# How to complete this task
The reply should hold only the lines from the one with "A comfortable living" through the end of the data, each given exactly.
[[ Data section open ]]
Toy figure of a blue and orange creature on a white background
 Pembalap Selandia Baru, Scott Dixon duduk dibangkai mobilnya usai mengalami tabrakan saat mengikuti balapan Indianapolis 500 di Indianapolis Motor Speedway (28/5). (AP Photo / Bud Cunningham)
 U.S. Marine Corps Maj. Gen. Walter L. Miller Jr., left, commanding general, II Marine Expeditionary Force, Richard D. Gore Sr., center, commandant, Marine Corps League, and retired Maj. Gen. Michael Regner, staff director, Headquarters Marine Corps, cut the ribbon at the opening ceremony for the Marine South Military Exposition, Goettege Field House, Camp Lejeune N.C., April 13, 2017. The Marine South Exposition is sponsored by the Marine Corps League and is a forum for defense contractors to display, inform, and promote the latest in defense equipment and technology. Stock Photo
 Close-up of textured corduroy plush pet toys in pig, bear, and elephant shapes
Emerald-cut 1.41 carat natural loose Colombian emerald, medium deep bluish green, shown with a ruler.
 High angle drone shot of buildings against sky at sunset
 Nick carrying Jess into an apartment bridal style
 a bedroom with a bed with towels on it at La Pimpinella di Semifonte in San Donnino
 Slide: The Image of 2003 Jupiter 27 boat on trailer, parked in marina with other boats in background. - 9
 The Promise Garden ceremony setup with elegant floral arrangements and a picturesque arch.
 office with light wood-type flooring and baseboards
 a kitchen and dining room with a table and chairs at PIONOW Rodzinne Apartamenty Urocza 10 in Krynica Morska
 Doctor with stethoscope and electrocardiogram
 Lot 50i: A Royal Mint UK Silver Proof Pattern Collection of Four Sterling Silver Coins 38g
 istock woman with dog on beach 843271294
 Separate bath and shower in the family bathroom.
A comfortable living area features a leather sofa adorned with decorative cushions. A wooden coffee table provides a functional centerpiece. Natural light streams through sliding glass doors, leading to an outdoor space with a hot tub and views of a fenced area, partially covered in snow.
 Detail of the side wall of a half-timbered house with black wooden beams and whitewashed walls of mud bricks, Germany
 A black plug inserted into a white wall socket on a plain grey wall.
[[ Data section closed ]]
# Solution for this exercise
A comfortable living area features a leather sofa adorned with decorative cushions. A wooden coffee table provides a functional centerpiece. Natural light streams through sliding glass doors, leading to an outdoor space with a hot tub and views of a fenced area, partially covered in snow.
 Detail of the side wall of a half-timbered house with black wooden beams and whitewashed walls of mud bricks, Germany
 A black plug inserted into a white wall socket on a plain grey wall.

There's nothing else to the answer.